I have no doubt Petraeus is doing his best and we should all wish him well. Maliki has managed to talk the Shiites into chilling for a while as well, which is a temporarily good thing. But the last two days reveal the evil of the Sunni and al Qaeda forces in Iraq as starkly as ever. We have news of an attack on a Shiite mosque in Hillah, with possibly 90 dead. Yesterday, they targeted the book market, providing this heart-wrenching quote from a local poet:
"There are no Americans or Iraqi politicians here — there are only Iraqi intellectuals who represent themselves and their homeland, plus stationery and book dealers. Those who did this are like savage machines intent on harvesting souls and killing all bright minds."
Yes, they are: they target mosques where another religious tradition worships; and a market where free people can have free thoughts. This is theocratic terrorism at its purest. In our absolutely justified anger at the incompetence of Bush, it remains a necessity to remind ourselves that he is not the cause of this evil; he has just allowed it to flourish because he is out of his depth and because his advisers never understood the central importance of order as the sine qua non of any occupation. The evil is the same evil that killed so many on 9/11. It is religious violence, driven by fundamentalist certainty.

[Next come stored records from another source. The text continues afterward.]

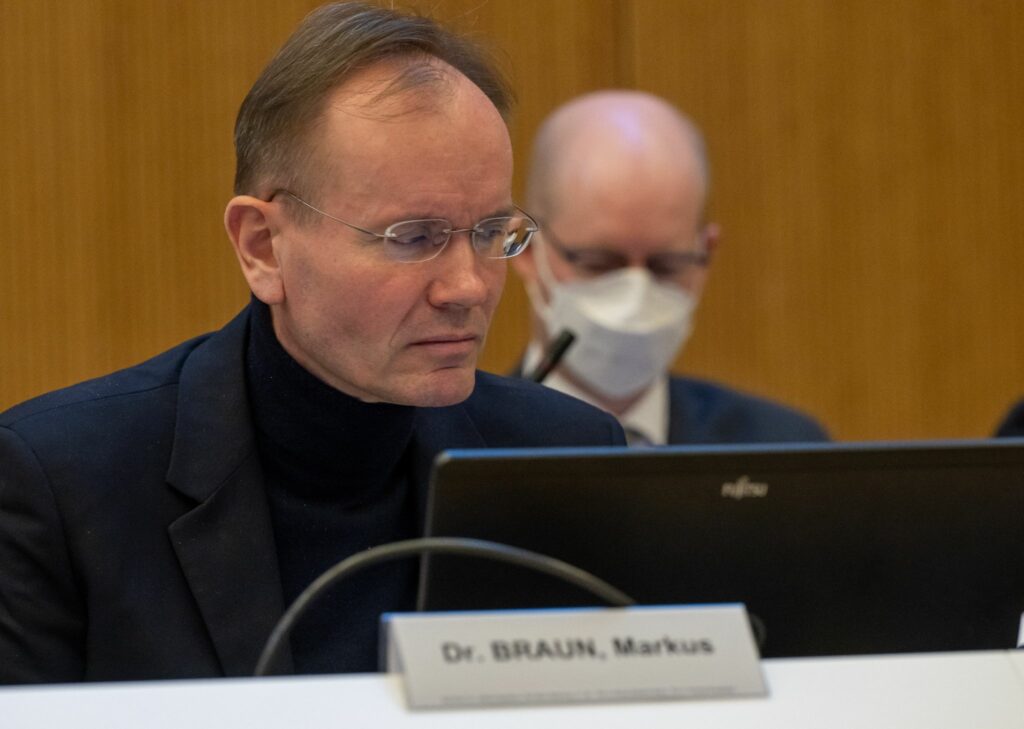 Ex-Vorstandschef Braun hat im Wirecard-Prozess das Wort
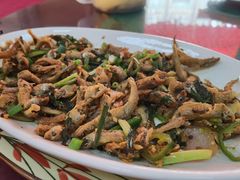 -雄仔农家菜馆·特色葱油鸡(六祖店)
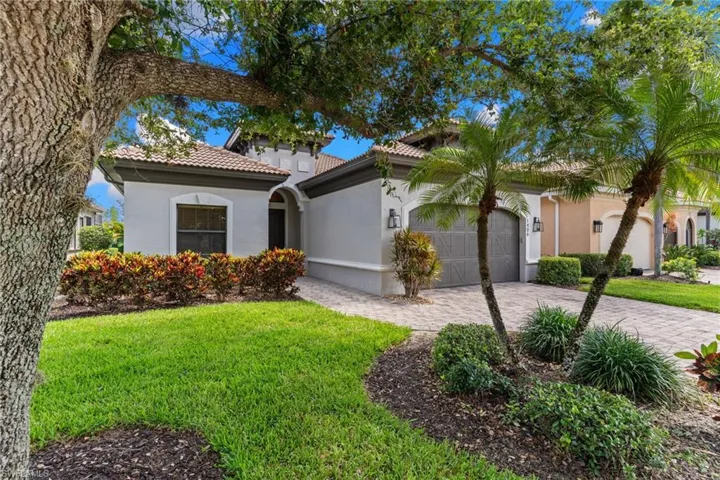 1406 Serrano Cir, Naples, Florida 34105
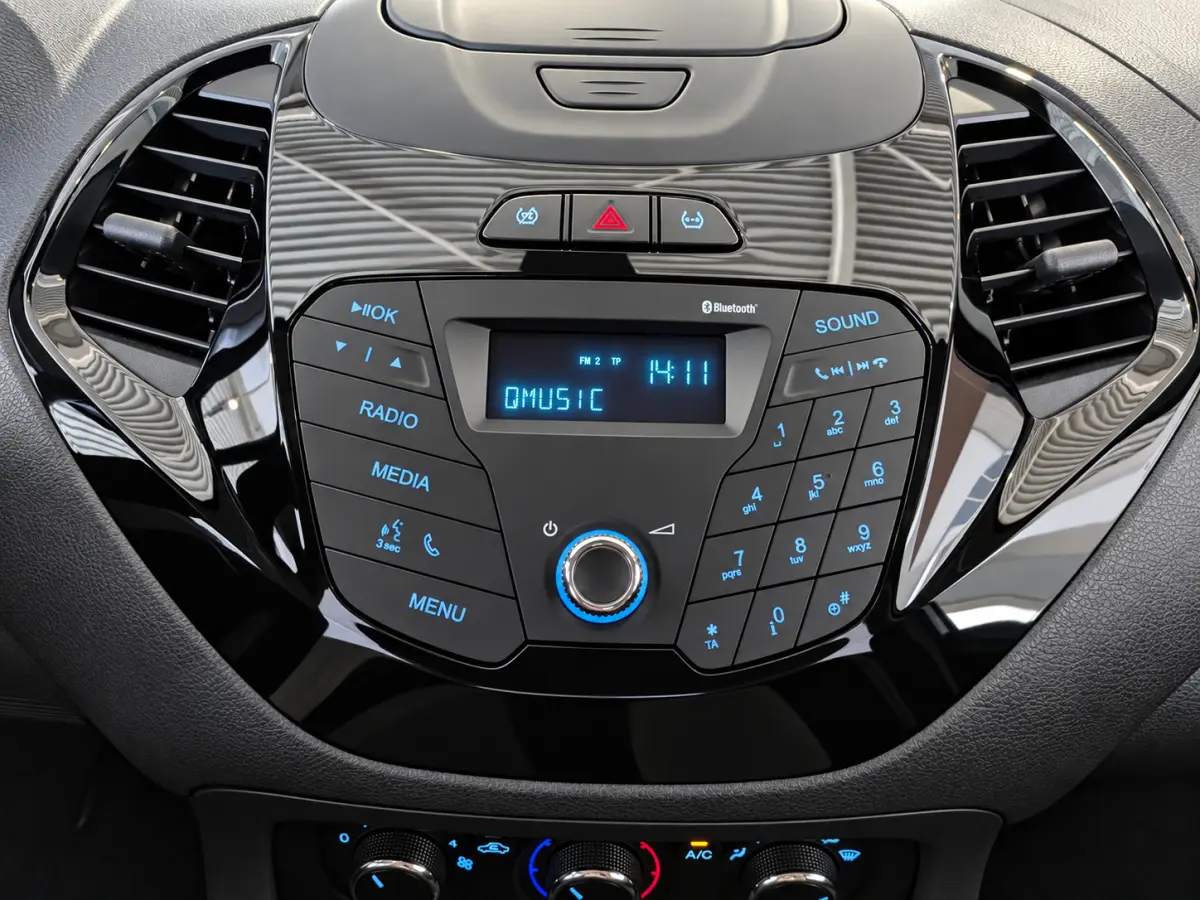 1.2 Trend Essential Airco, Cruise Control, Stuurbekrachtiging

The carnage forces us to answer the question of what to do. The surge cannot and will not stop this evil – unless it is a surge five times the size of the one we have and in a climate that existed three years ago, not now. You have to be clinically deluded, i.e. the president, to believe that this hasn’t gone past the point of no return. Policing these regions while these massacres occur under our noses will only delay the reckoning and implicate the U.S. more fully in the carnage. A withdrawal to less wracked regions and the borders, allowing the Shiite militias to do their grisly job of counter-attacking, and maintaining an active U.S. presence to intervene against al Qaeda in Anbar and Waziristan seems to me the most effective use of our resources right now. It’s not perfect or morally admirable. But it is, in my judgment, less imperfect and more morally defensible than our current band-aid.
(Photo: An Iraqi boy mounts a pile of burnt books, 06 March 2007 amid the rubble of Baghdad’s oldest book market, ripped by a car bomb attack the day before, killing 30 people, setting shops ablaze and leaving body parts scattered across the symbolic heart of Iraq’s intellectual life. At least 65 people were also wounded in the powerful blast on Mutanabi Street, an ancient center of learning and culture and a rare pleasure for the capital’s war-weary citizens. By Sabah Arar/AFP/Getty.)